= John Aldred Twining =

British tea merchant (1785 - 1855)

John Aldred Twining (1785–1855) was a British tea merchant and a partner in Twinings, the London tea merchants. He was the son of Richard Twining (1749–1824), a director of the East India Company, and the head of Twinings the London tea merchants.

==Life==
Twining was born in 1785. He was the son of Richard Twining (1749 – 1824). Twining joined his father and brother Richard Twining (1772–1857) in the family tea business, of which he became a partner in 1811. In 1825, he founded Twinings Bank, to which his family moved their accounts from Hoare's Bank of Fleet Street, which had kept their accounts since 1725. The Twinings Bank merged with Lloyds Bank in 1892.

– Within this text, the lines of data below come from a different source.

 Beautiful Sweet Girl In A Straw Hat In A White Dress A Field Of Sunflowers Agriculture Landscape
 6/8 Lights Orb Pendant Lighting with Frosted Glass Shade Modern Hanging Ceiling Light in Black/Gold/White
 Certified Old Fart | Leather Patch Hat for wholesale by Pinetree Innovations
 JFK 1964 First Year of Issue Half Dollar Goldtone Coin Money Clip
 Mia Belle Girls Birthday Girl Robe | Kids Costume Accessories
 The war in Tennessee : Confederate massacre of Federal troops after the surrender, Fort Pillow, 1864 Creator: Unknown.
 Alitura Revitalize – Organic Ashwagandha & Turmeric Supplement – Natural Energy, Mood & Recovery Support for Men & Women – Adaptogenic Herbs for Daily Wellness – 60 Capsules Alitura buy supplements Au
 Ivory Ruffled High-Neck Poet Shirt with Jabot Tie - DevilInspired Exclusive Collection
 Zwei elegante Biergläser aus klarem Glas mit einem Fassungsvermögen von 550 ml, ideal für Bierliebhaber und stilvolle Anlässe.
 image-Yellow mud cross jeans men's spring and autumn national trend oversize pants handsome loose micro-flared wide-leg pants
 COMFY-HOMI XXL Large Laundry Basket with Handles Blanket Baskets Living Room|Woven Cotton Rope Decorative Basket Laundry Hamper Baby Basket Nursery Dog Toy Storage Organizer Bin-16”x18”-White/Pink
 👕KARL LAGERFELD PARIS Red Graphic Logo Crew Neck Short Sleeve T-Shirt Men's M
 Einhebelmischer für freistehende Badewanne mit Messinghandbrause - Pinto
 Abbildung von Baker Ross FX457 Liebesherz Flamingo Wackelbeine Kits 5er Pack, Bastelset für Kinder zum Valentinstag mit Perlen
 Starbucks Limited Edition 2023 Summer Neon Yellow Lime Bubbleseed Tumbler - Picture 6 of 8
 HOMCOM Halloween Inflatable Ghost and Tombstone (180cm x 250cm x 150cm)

John Aldred Twining moved to "Kirkdale" on Clapham Common around 1826, where he resided to 1845. He died in 1855. He is buried at Kensal Green Cemetery, where his brother, Richard Twining (1772–1857), was subsequently buried.

==Family==
Twining married in 1807 Emma Haynes, daughter of Mr. Haynes of Cornhill. His sister Elizabeth Twining exhibited portraits of their family at the Royal Academy in 1831. Of their children:

- Samuel Harvey Twining, eldest son, in 1848 married Rosa Herring, daughter of William Herring of Hethersett Hall, Norfolk.
- The Rev. James Twining, second son, in 1854 then of Holy Trinity Twickenham, married Mary Elizabeth Bevan, daughter of the late Rev. Thomas Bevan, formerly incumbent of Holy Trinity.
- Frederick Twining, third son, in 1855 built a house in Cleggan, County Galway, and married Elizabeth Catharine Nelson, daughter of A. C. Nelson.